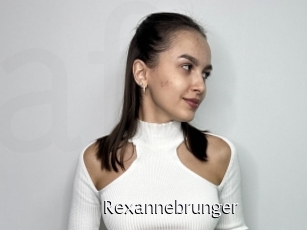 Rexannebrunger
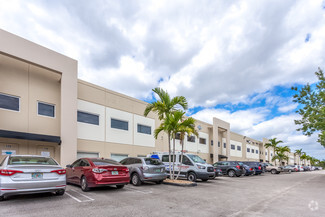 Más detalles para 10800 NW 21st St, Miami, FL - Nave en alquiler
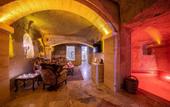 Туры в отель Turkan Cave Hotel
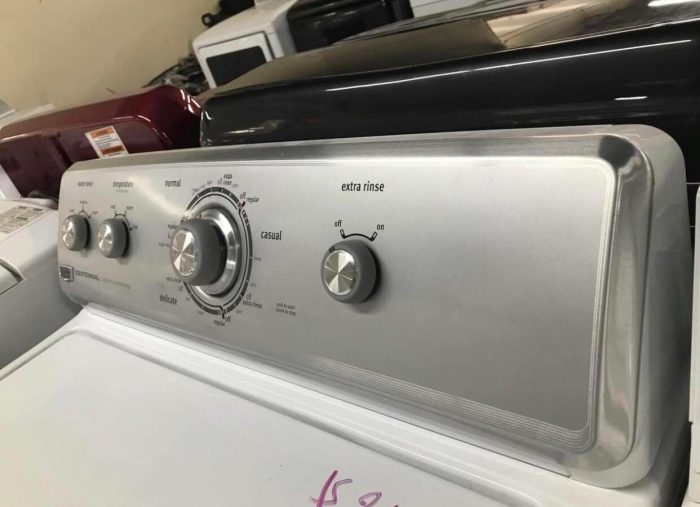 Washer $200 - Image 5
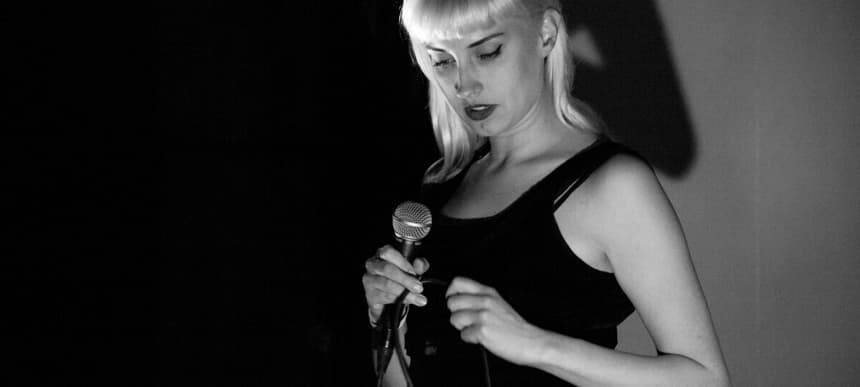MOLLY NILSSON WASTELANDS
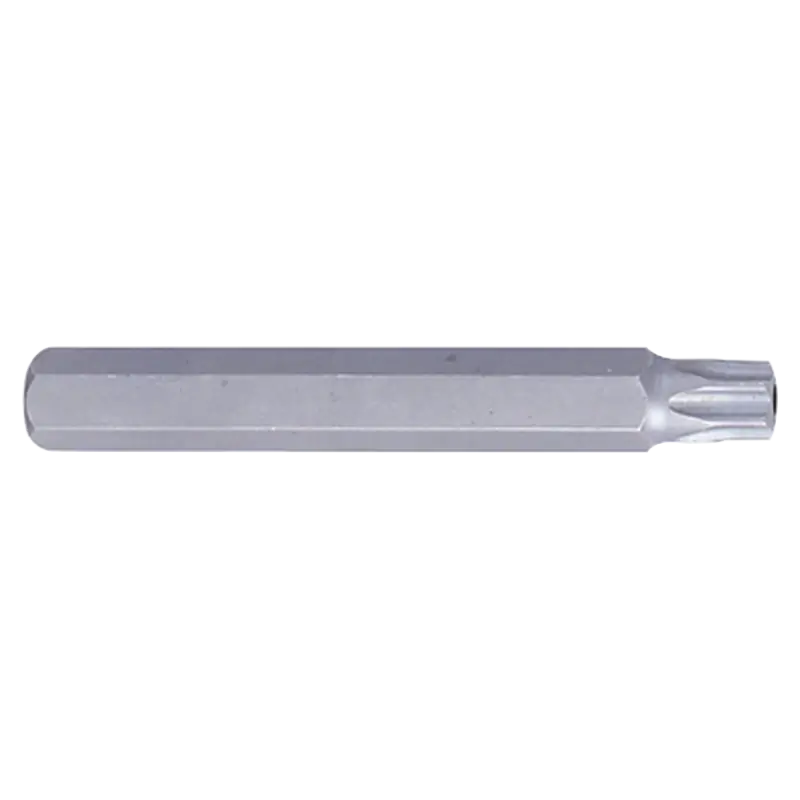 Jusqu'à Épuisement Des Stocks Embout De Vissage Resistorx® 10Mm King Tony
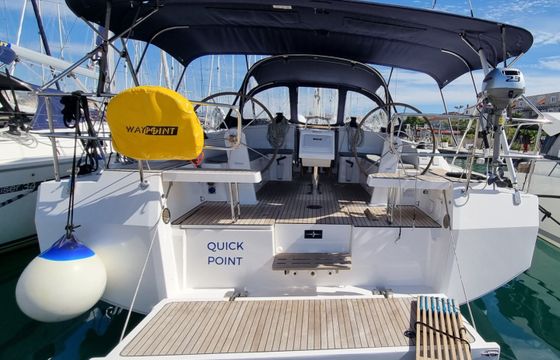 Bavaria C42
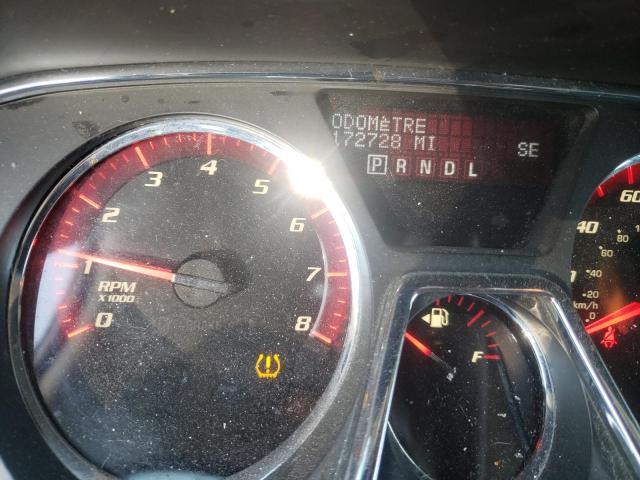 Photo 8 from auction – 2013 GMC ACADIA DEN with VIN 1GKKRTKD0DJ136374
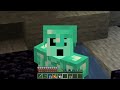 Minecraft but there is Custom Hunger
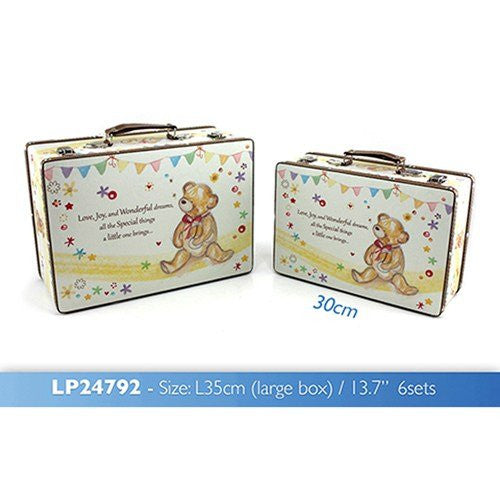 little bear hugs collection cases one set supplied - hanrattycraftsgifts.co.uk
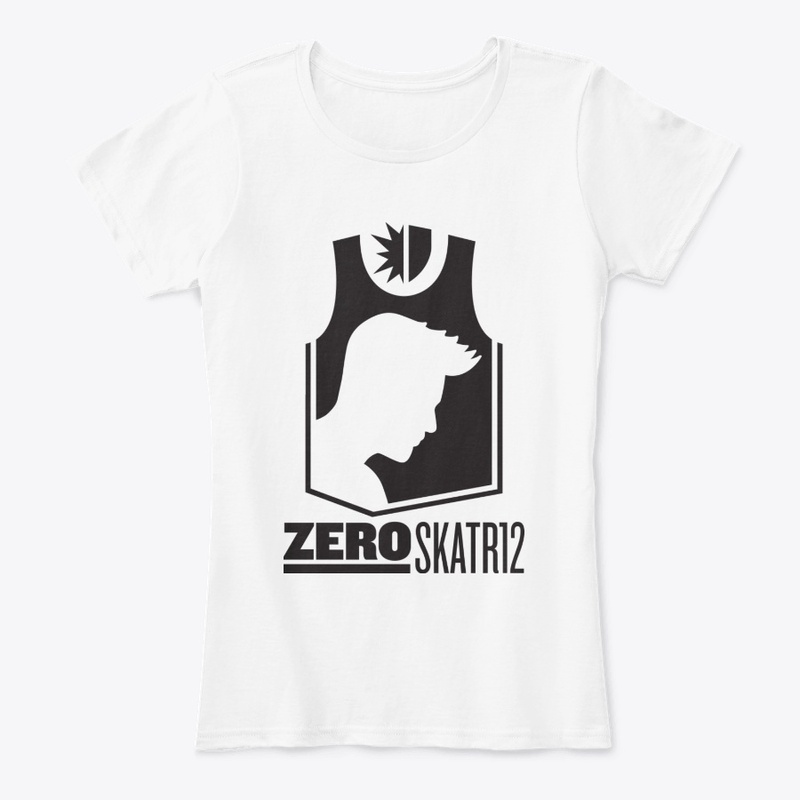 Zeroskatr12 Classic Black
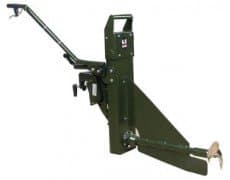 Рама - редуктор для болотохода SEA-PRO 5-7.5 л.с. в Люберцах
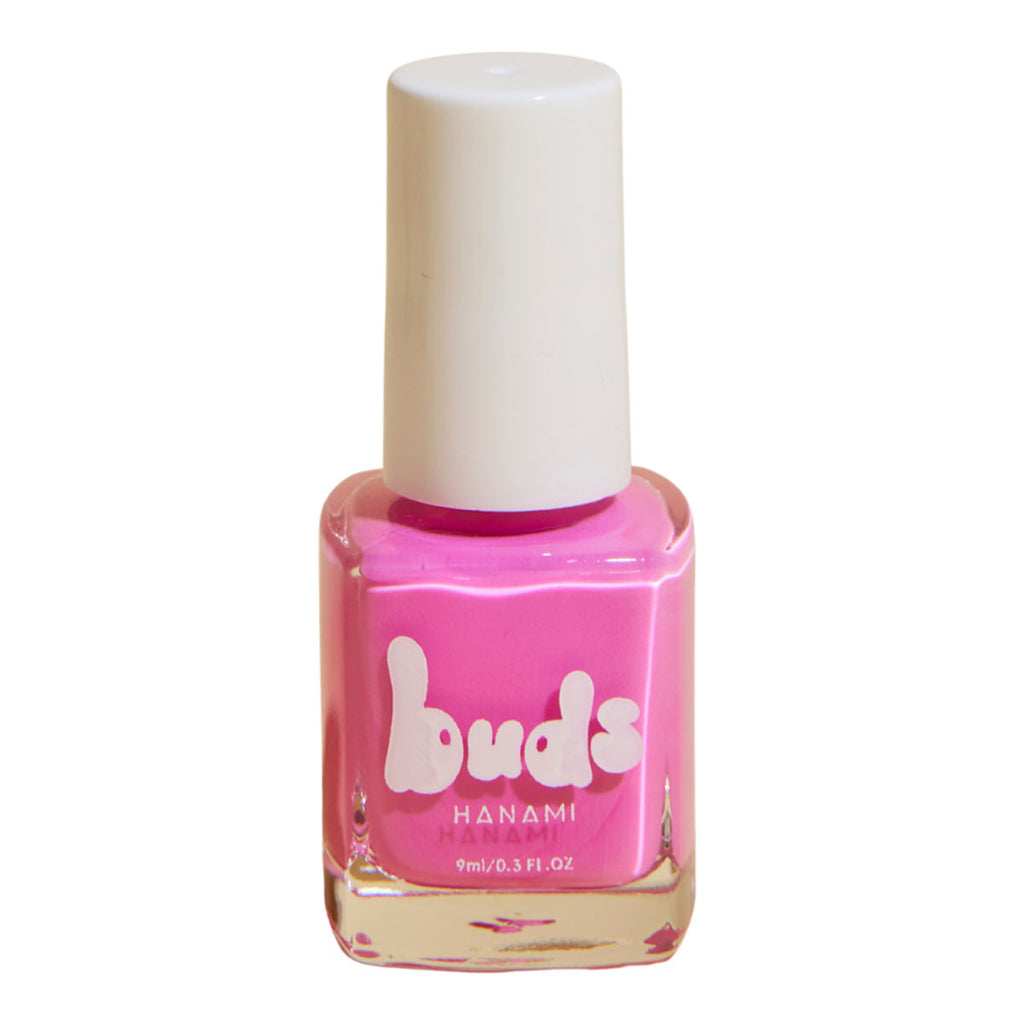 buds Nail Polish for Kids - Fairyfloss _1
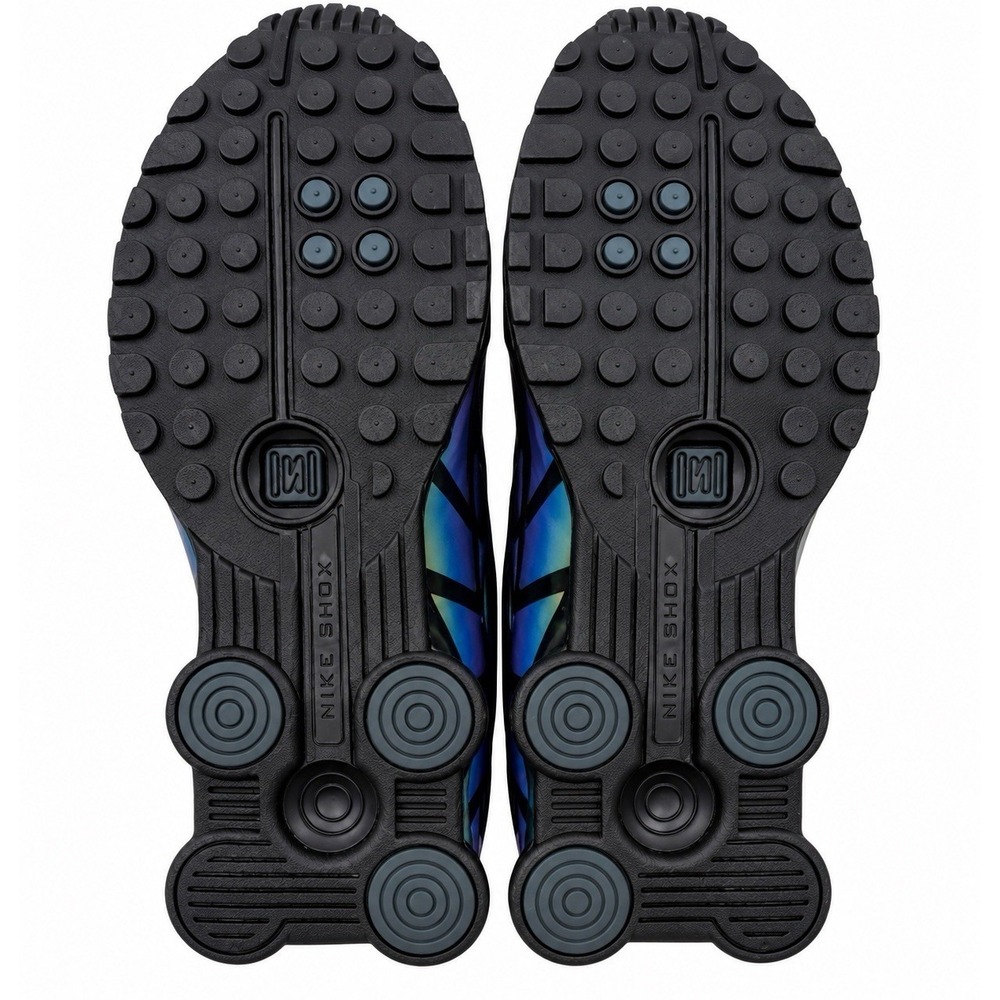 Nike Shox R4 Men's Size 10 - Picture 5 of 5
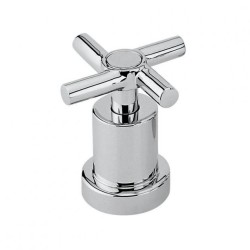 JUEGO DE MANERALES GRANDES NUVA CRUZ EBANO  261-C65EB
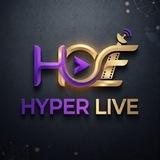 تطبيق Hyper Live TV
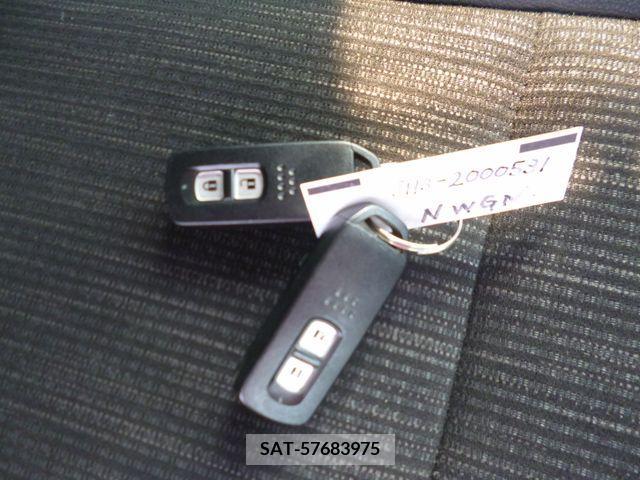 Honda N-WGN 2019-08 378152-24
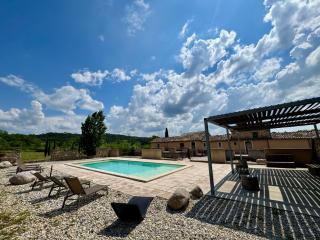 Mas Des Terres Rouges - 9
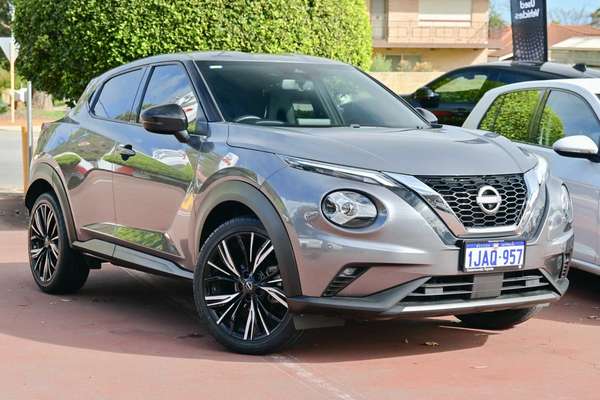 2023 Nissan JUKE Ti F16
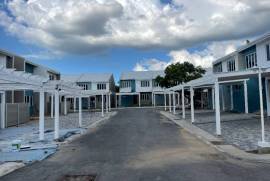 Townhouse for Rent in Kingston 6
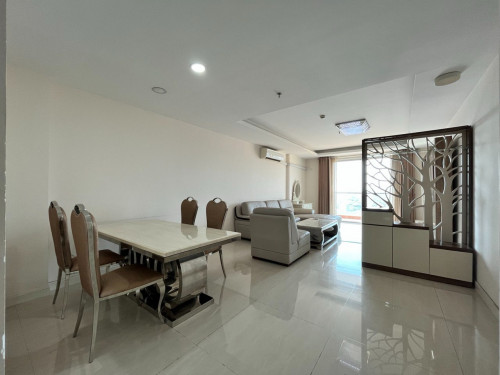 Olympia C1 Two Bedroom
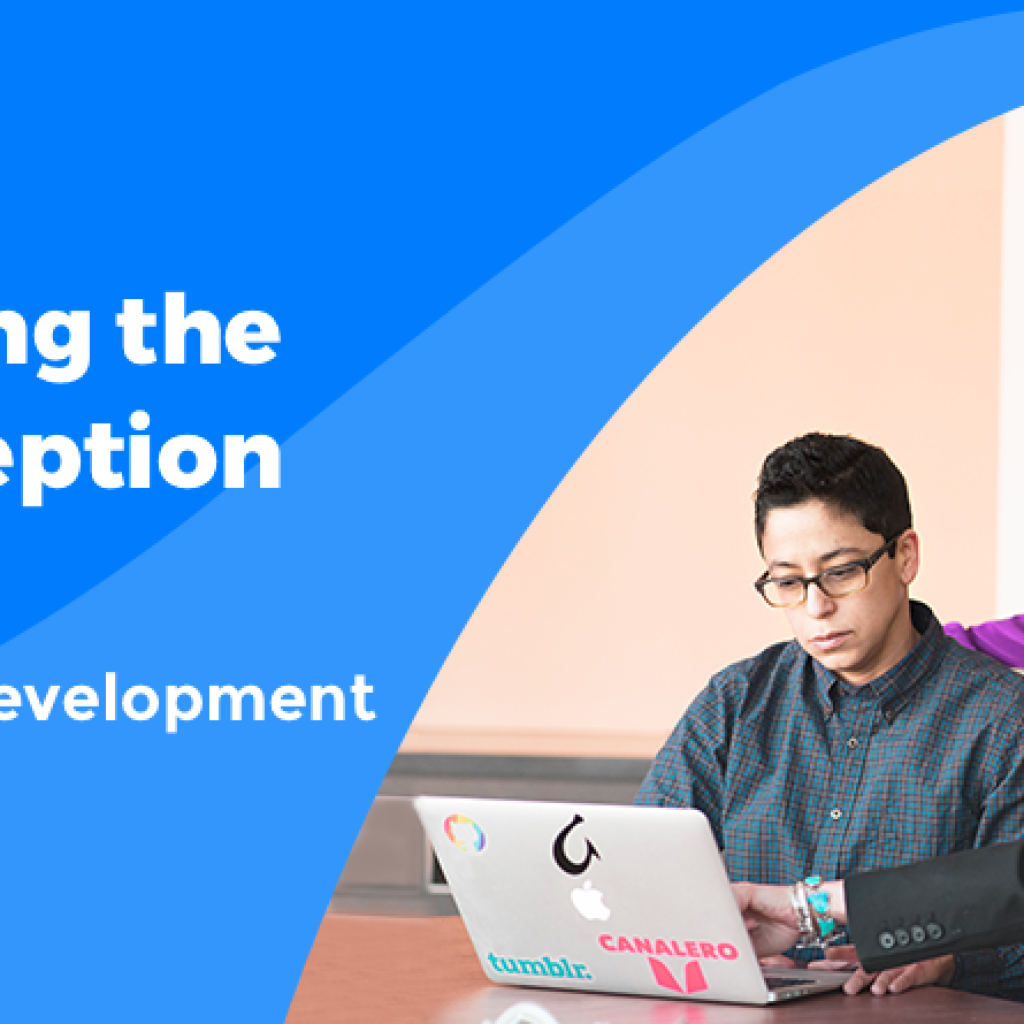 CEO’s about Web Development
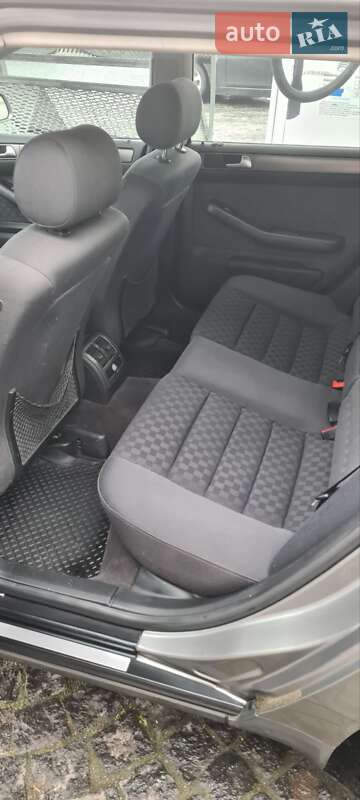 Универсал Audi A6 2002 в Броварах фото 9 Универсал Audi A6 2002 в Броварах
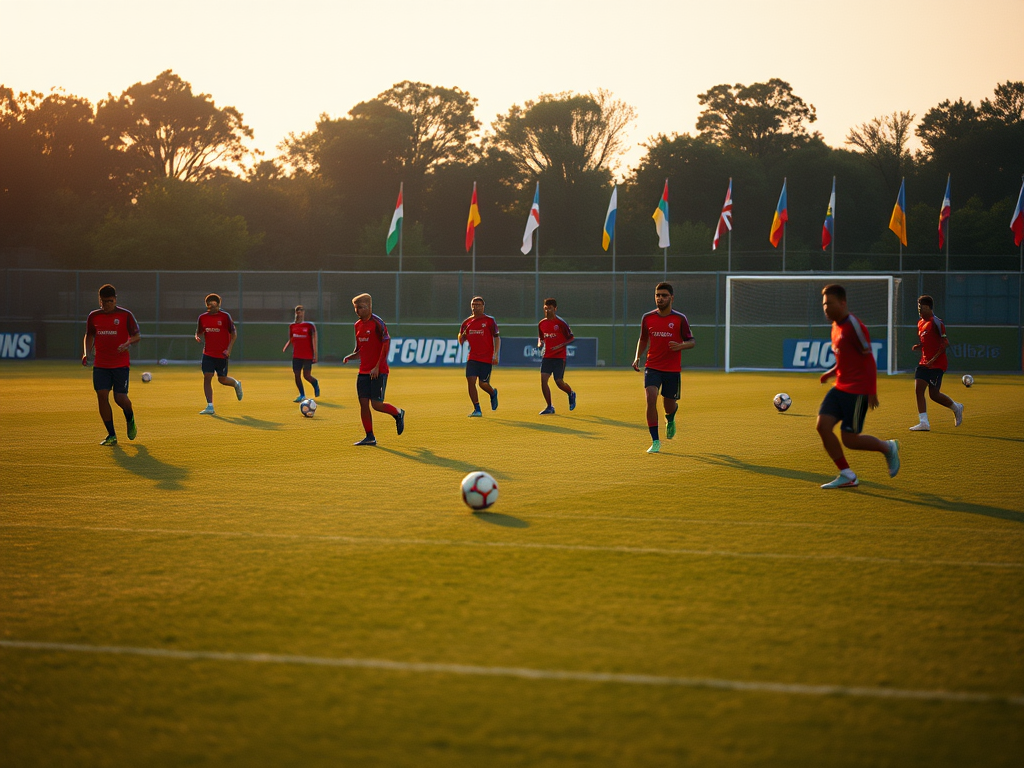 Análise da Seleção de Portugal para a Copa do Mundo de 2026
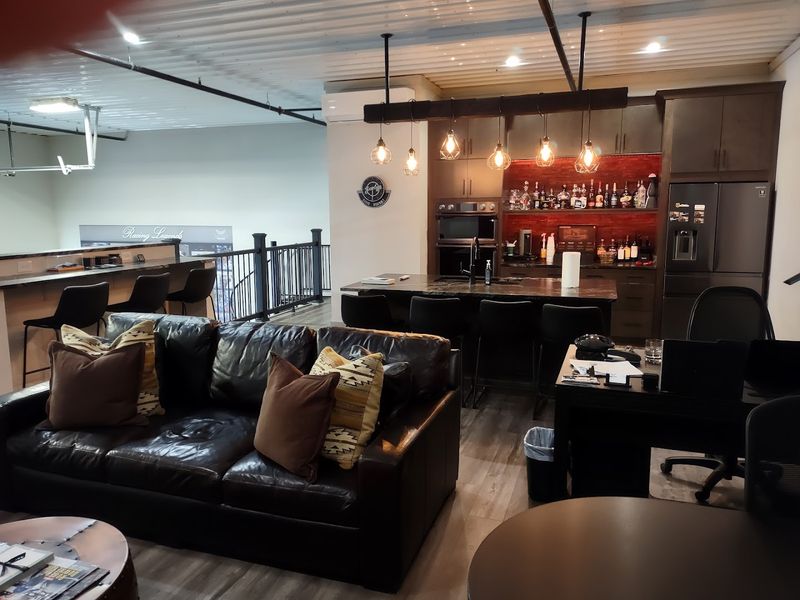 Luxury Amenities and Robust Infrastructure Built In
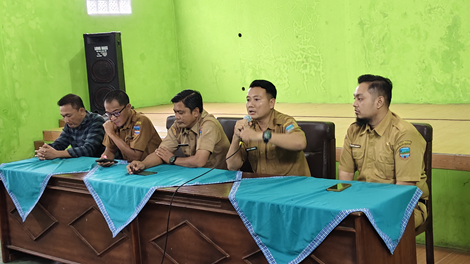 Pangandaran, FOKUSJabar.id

• • • •

"JUEGO DE MANERALES" marks the first line to copy, and "CEO’s about Web Development" marks the last. Repeat that stretch above exactly, with no pictures.

• [Solution to the problem]
 JUEGO DE MANERALES GRANDES NUVA CRUZ EBANO  261-C65EB
 تطبيق Hyper Live TV
 Honda N-WGN 2019-08 378152-24
 Mas Des Terres Rouges - 9
 2023 Nissan JUKE Ti F16
 Townhouse for Rent in Kingston 6
 Olympia C1 Two Bedroom
 CEO’s about Web Development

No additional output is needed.